Design a Luxmeter Using a Light Dependent Resistor

December 13, 2015 by David Williams

Take a few minutes to characterize a light dependent resistor (LDR) and you can build a simple and reasonably accurate light meter can be built using an LDR and an Arduino.


A luxmeter is a device that measures illuminance and luminous emittance using the SI unit of lux.  It effectively measures the amount of power from the light falling on a given unit of area, except that the power measurement is weighted to reflect the sensitivity of the human eye to varying wavelengths of light.  A simpler way to describe a lux meter is to say that it measures how bright the light falling on the sensor is. Commercially available lux meters vary in price from around $15 up to hundreds of dollars, but it is cheaper and much more fun to build one yourself.
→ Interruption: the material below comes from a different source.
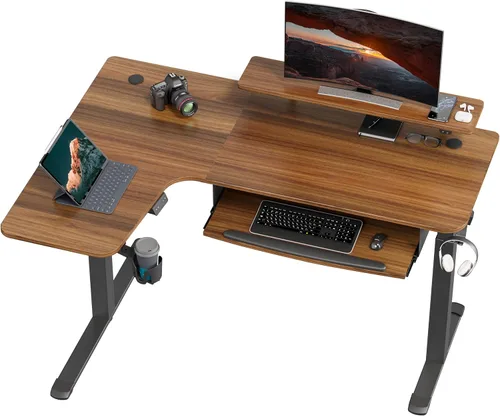 Miniatura 12 de EUREKA ERGONOMIC Escritorio eléctrico de pie en forma de L de 55 pulgadas, escritorio para juegos de computadora de altura ajustable con bandeja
The light sensor for a lux meter can be one of several different types of sensors, including photodiodes and phototransistors, but the easiest to use and often the most readily available type of sensor is a photoresistor or light dependent resistor (LDR).  As you would expect, the resistance of an LDR changes as the amount of light falling on it changes.  If you can measure the resistance of the LDR and you know the characteristics of your particular LDR, you can quantify the amount of lux falling on the LDR.  In general, the brighter the light, the lower the resistance, but unfortunately, the relationship between resistance and lux for an LDR is not a nice linear relationship.  It is instead an exponential relationship which is a little trickier to deal with.  With a little bit of time though, you can take a few measurements to determine the mathematical relationship between resistance and lux and program the relationship into a microcontroller to create a simple and reasonably effective lux meter.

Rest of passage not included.